Source records
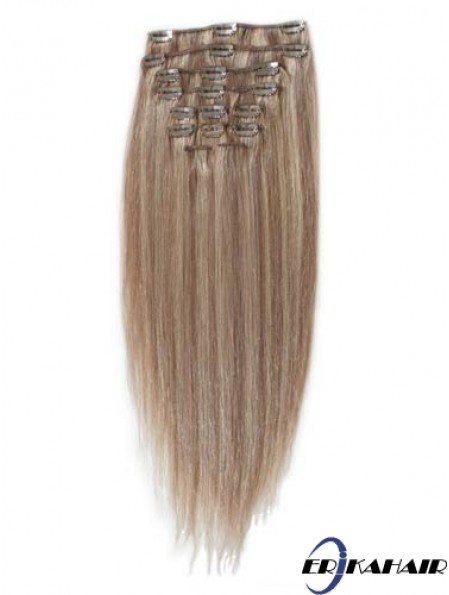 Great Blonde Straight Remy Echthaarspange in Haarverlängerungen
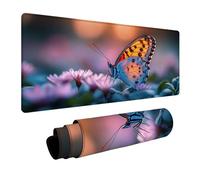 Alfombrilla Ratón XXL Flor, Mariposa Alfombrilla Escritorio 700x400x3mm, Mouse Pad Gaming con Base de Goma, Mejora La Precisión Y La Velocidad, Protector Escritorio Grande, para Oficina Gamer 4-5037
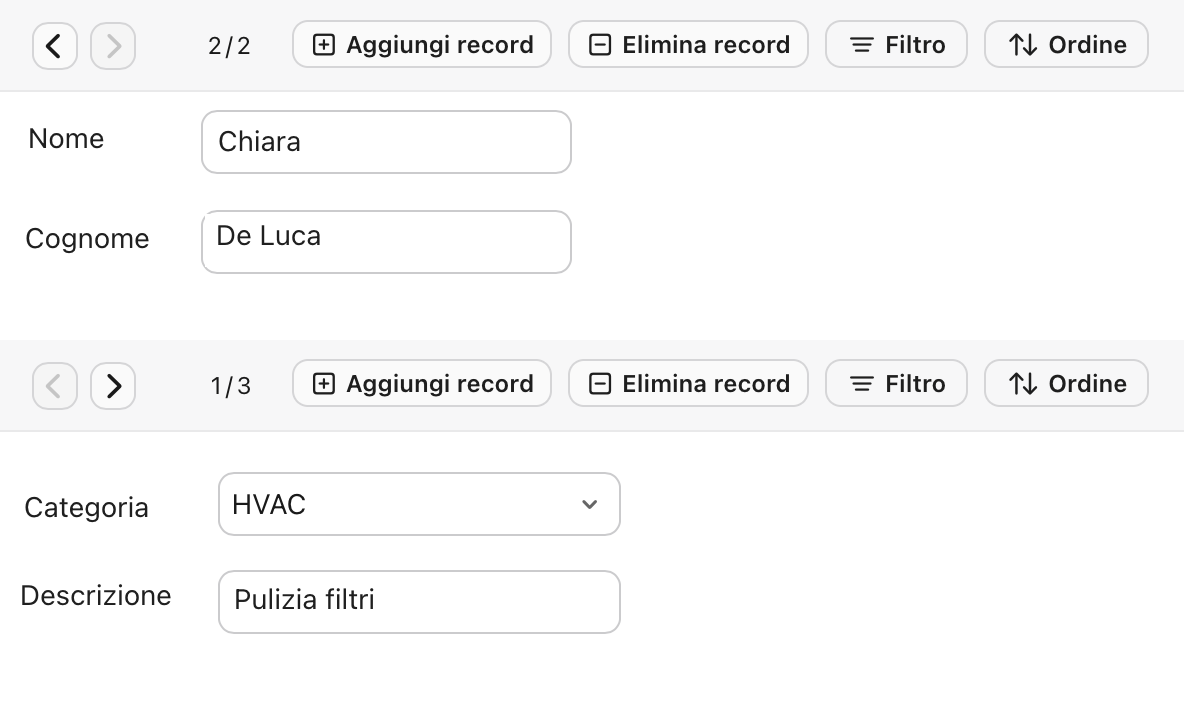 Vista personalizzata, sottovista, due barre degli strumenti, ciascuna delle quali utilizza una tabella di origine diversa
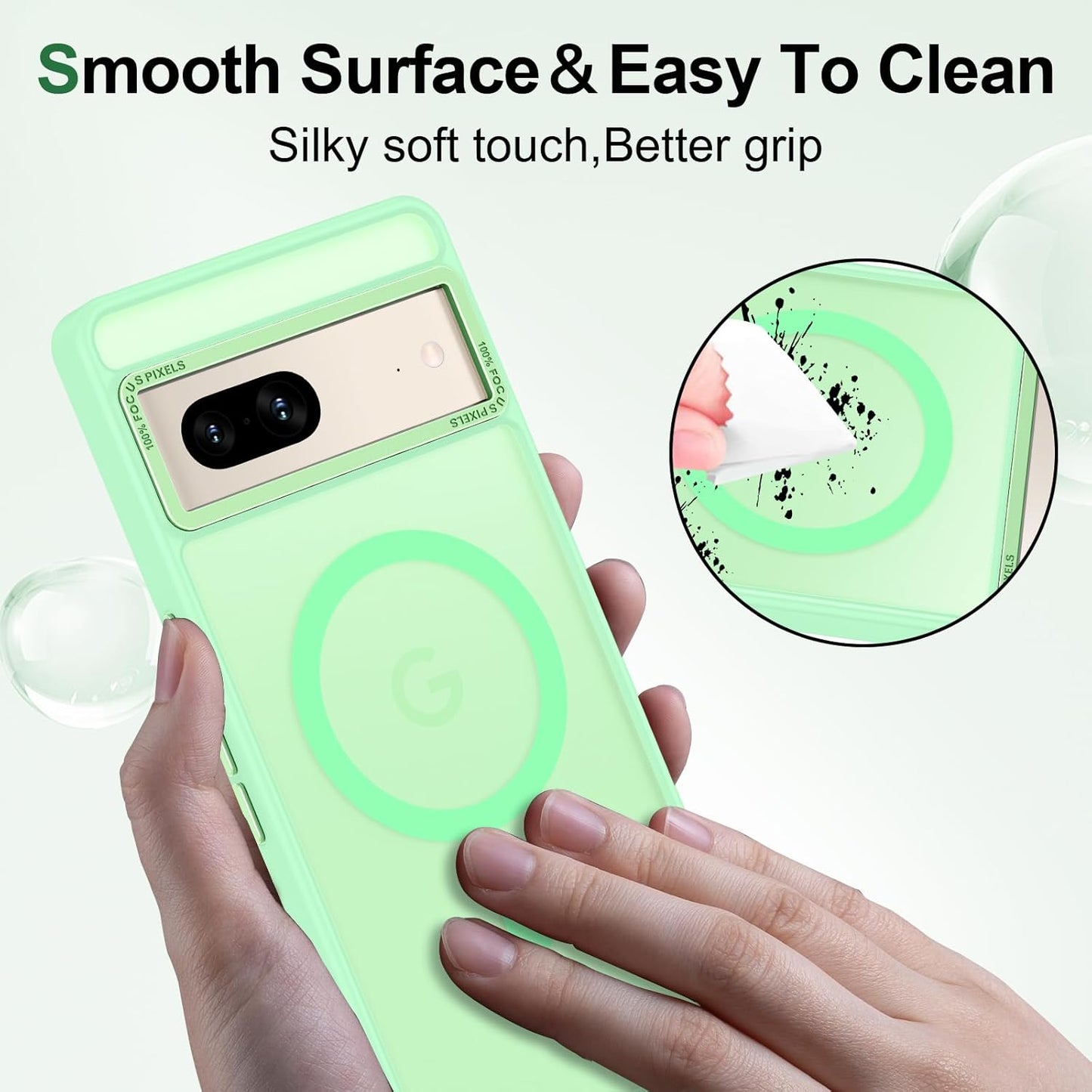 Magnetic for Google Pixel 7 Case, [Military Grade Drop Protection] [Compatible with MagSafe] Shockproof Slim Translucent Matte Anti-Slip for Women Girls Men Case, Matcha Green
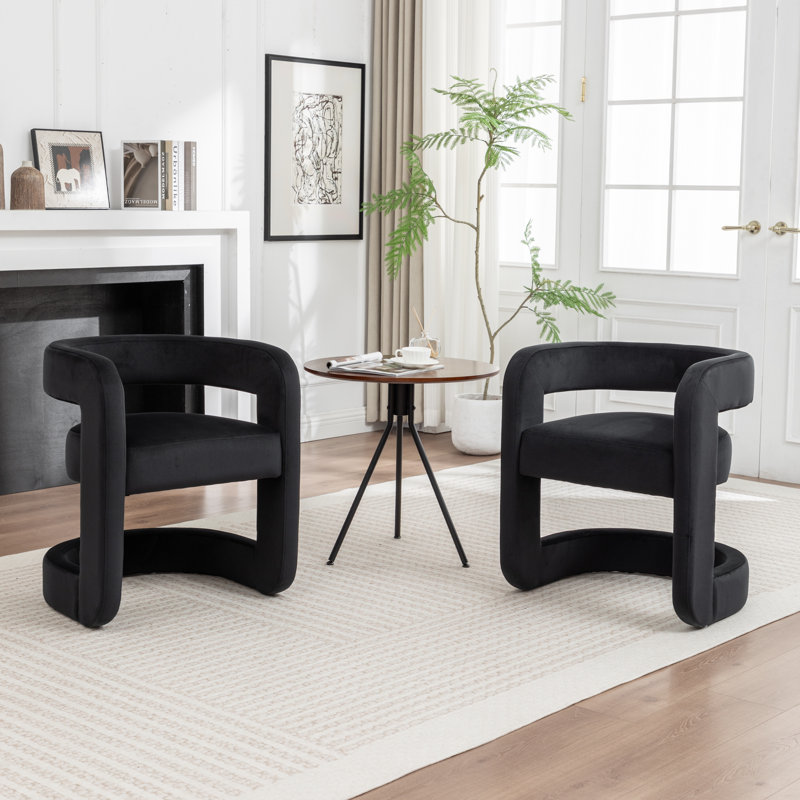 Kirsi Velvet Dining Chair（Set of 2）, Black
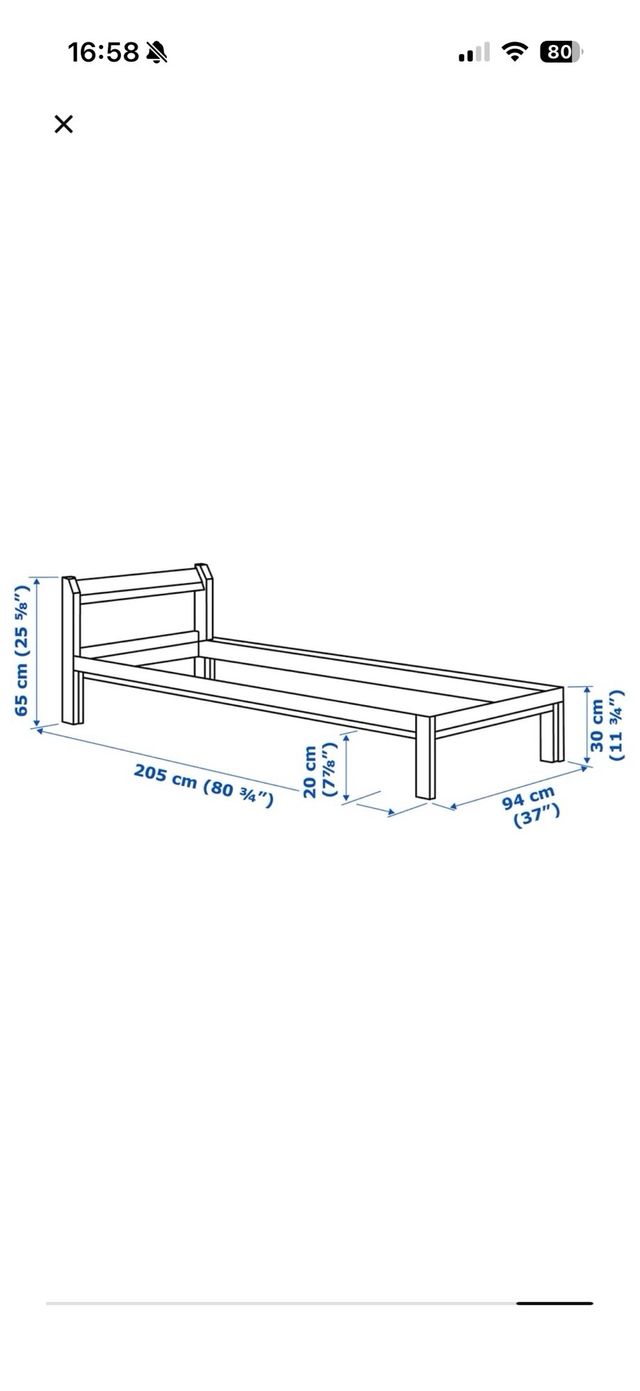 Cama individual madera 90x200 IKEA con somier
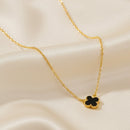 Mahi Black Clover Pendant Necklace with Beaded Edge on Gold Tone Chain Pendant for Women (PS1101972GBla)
* * *
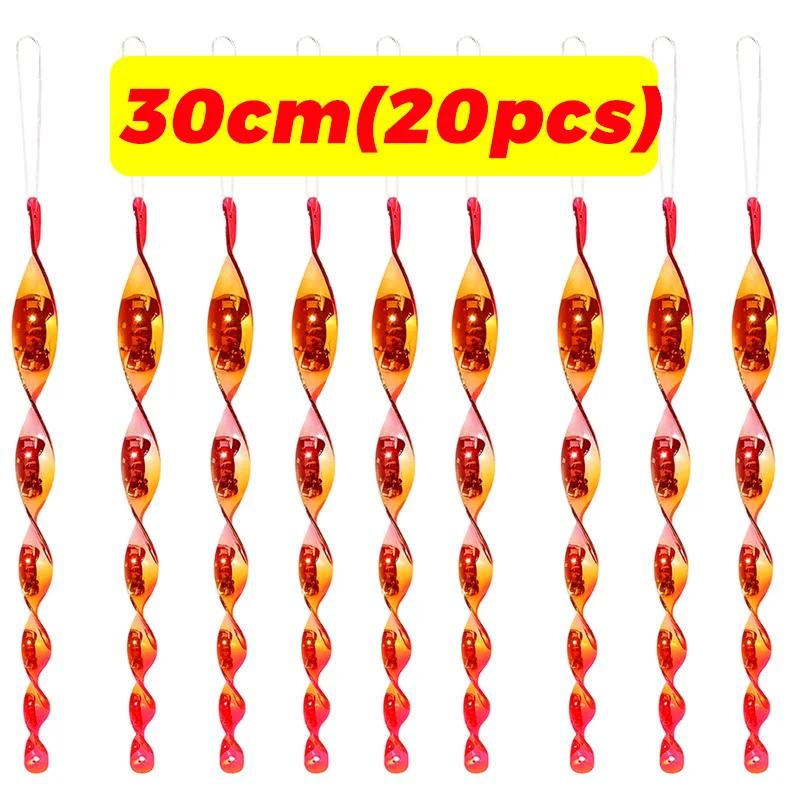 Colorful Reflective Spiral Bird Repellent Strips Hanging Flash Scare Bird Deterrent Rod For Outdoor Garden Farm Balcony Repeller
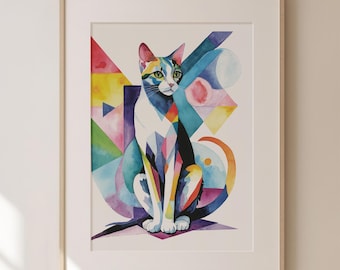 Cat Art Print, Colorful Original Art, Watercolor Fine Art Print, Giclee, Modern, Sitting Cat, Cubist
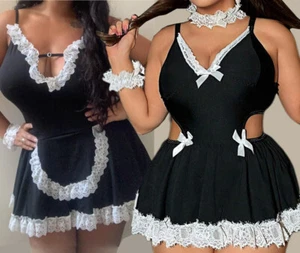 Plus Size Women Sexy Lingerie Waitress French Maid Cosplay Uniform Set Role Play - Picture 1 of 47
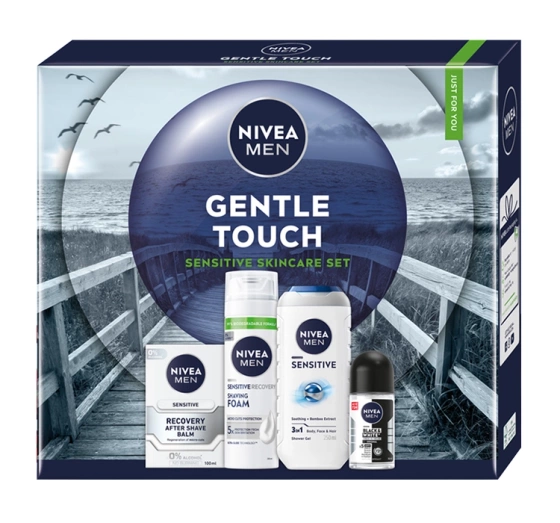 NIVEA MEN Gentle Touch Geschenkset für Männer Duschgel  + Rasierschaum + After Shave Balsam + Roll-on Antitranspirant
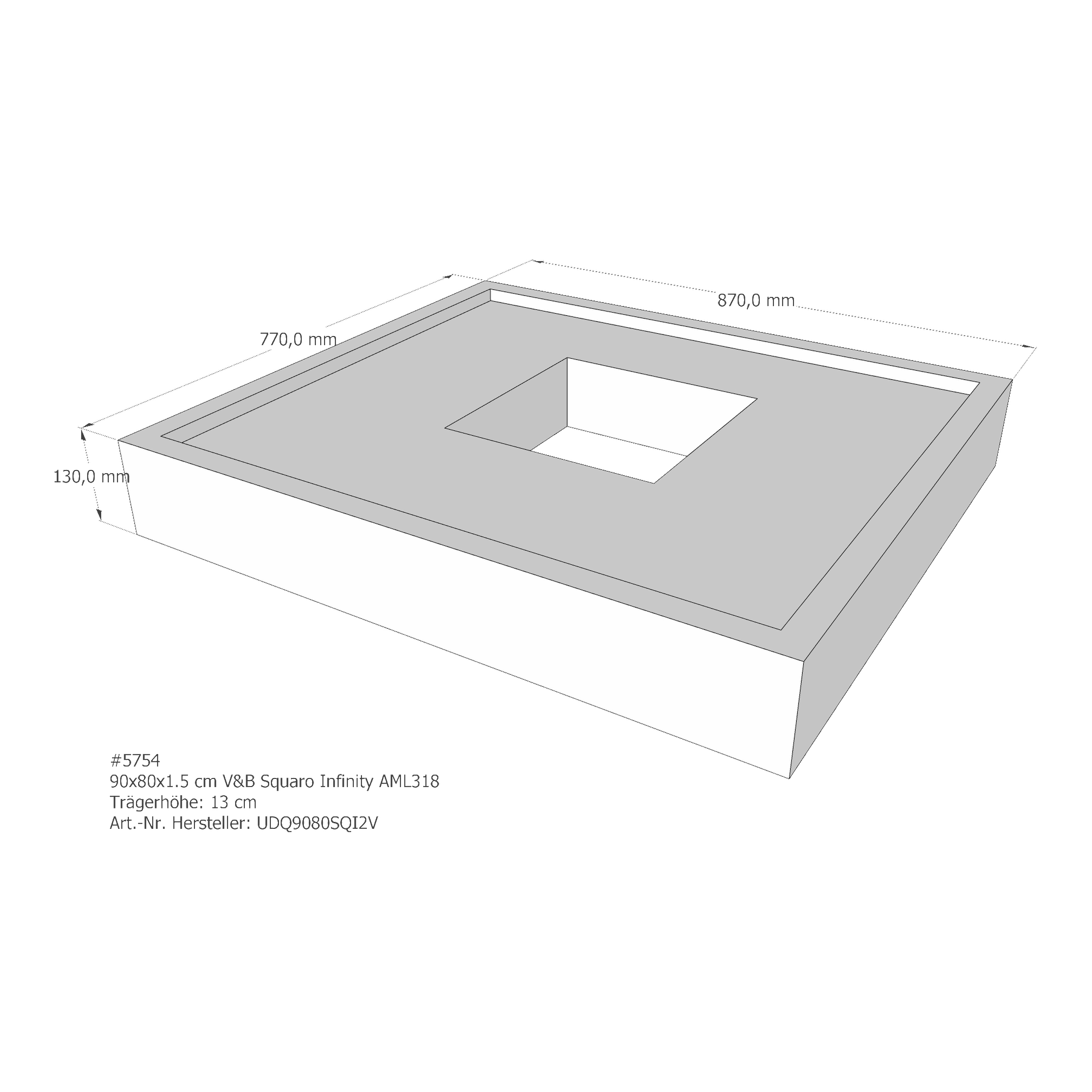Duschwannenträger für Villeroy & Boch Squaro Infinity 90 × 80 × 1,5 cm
--
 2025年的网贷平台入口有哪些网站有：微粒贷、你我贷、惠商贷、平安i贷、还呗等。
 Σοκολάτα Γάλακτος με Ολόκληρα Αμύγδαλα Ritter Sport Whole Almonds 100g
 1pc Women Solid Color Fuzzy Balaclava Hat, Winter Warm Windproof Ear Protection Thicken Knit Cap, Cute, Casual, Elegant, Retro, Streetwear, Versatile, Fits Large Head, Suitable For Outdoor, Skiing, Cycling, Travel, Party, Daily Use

Work to complete
In the listing above, find the line with "Cat Art Print, Colorful" and output it and every line after it up to and including the line with "Duschwannenträger für Villeroy", exactly, minus the pictures.

Result below
 Cat Art Print, Colorful Original Art, Watercolor Fine Art Print, Giclee, Modern, Sitting Cat, Cubist
 Plus Size Women Sexy Lingerie Waitress French Maid Cosplay Uniform Set Role Play - Picture 1 of 47
 NIVEA MEN Gentle Touch Geschenkset für Männer Duschgel  + Rasierschaum + After Shave Balsam + Roll-on Antitranspirant
Duschwannenträger für Villeroy & Boch Squaro Infinity 90 × 80 × 1,5 cm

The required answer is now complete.